O professor Ricardo Rocha diz que o brasileiro ainda não tem o hábito de buscar melhores condições de pagamento:

— O brasileiro não trabalha com o horizonte de tempo mais amplo e acaba não enxergando os benefícios em longo prazo. As pessoas raramente negociam descontos para pagamentos à vista. Como se não tivessem pagando juros, elas preferem pagar as compras em prestações — explica Rocha, também professor do Insper.

Especialistas recomendam investimentos  

O economista Fabio Gallo, que também é professor de finanças da PUC-SP, afirma que o nível de poupança depende basicamente de três fatores: a capacidade de guardar dinheiro — o que decorre da renda per capita da população; o desejo de economizar e as oportunidades para poupar — as possibilidades de investimento, como a caderneta de poupança, títulos de renda fixa e a bolsa de valores.

Segundo o educador financeiro Reinaldo Domingos, a educação financeira pertence ao campo das ciências humanas e se refere aos hábitos e costumes do consumidor.

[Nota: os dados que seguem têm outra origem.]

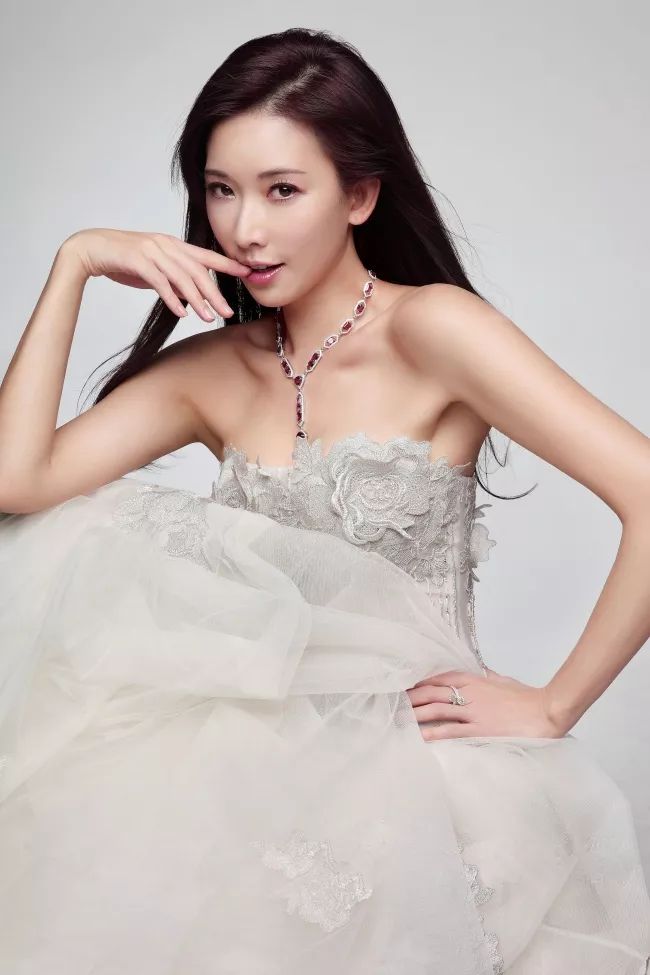 走进星辉世界,明星图片一览,光彩夺目之旅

— Ao contrário das finanças pessoais que envolvem cálculos e uso de planilhas, a educação financeira está relacionada ao controle comportamental. O planejamento financeiro pode ser resumido em quatro etapas: identificar todos os gastos; estabelecer as prioridades e os desejos a curto e médio prazos em reuniões com a família; reservar a quantia do orçamento necessária para financiar os planos e, por fim, aplicar os recursos poupados em investimentos — explica Domingos, acrescentando que o planejamento financeiro do brasileiro geralmente se limita a buscar o equilíbrio entre a renda e as despesas, mas, como acaba faltando dinheiro, ele resolve tomar créditos para consumir.    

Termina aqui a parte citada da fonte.